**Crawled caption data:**

((

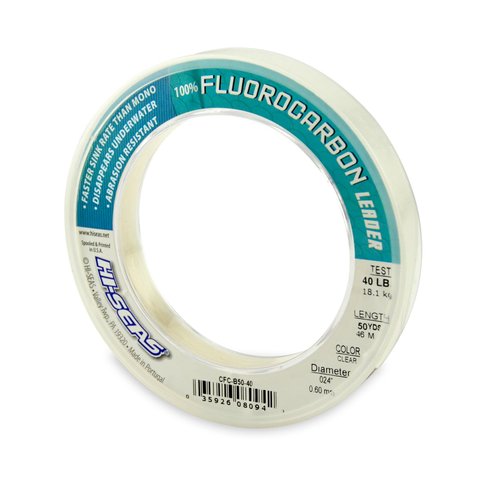 HI-SEAS 100% Fluorocarbon Fishing Leader, 40 lb, Clear, 50 yd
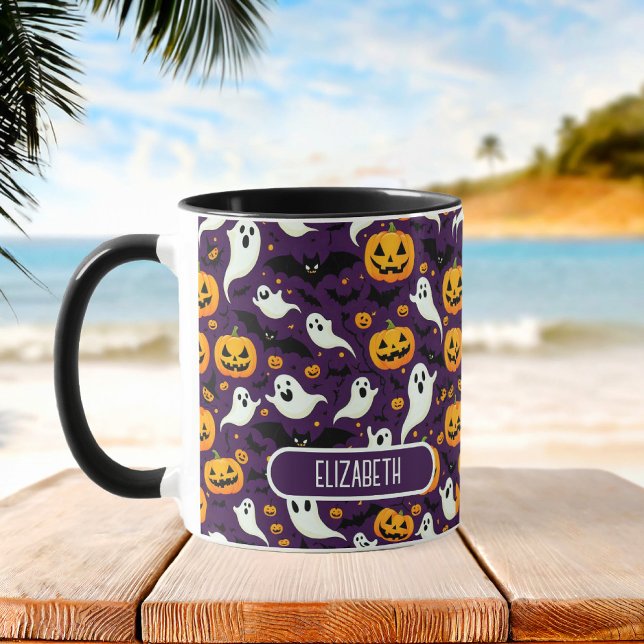 Farmhouse Halloween Bats Pumpkin Pattern Purple Mug (Farmhouse Halloween Bats Pumpkin Pattern Purple Mug)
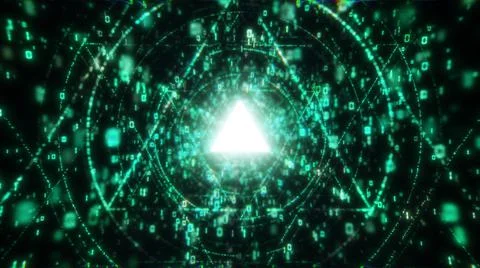 Triangle green digital matrix core tunnel of binar lights, neon glowing rays Illustrazione stock
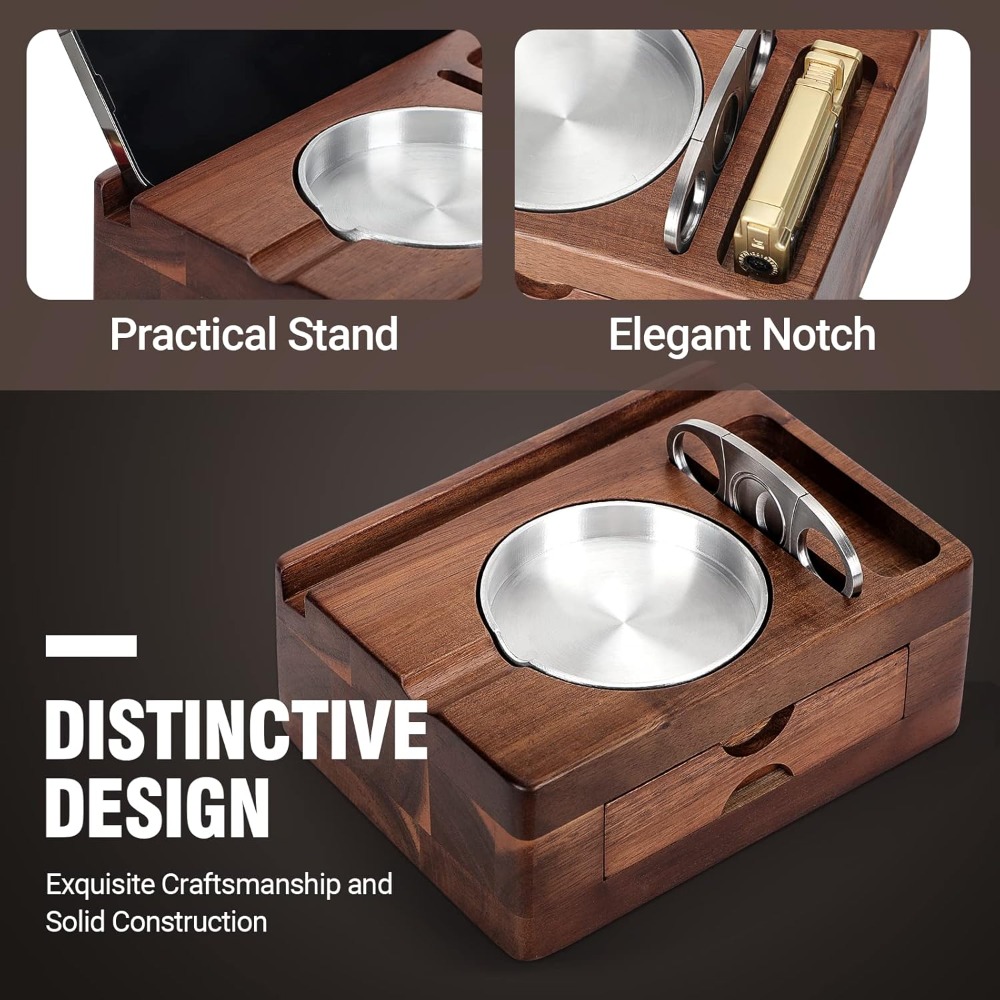 Wooden Cigar Ashtray with Cutt - Tablet Accessories Gifts 评论和价格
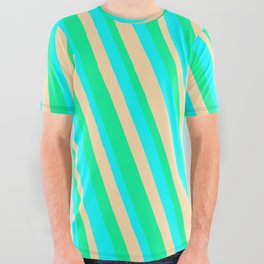 [ Thumbnail: Aqua, Tan, and Green Colored Striped/Lined Pattern All Over Graphic Tee ]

))

**ACTIVITY:**
Repeat the records in full and exactly, leaving every picture out.

**WRITTEN SOLUTION:**
 HI-SEAS 100% Fluorocarbon Fishing Leader, 40 lb, Clear, 50 yd
 Farmhouse Halloween Bats Pumpkin Pattern Purple Mug (Farmhouse Halloween Bats Pumpkin Pattern Purple Mug)
 Triangle green digital matrix core tunnel of binar lights, neon glowing rays Illustrazione stock
 Wooden Cigar Ashtray with Cutt - Tablet Accessories Gifts 评论和价格
 [ Thumbnail: Aqua, Tan, and Green Colored Striped/Lined Pattern All Over Graphic Tee ]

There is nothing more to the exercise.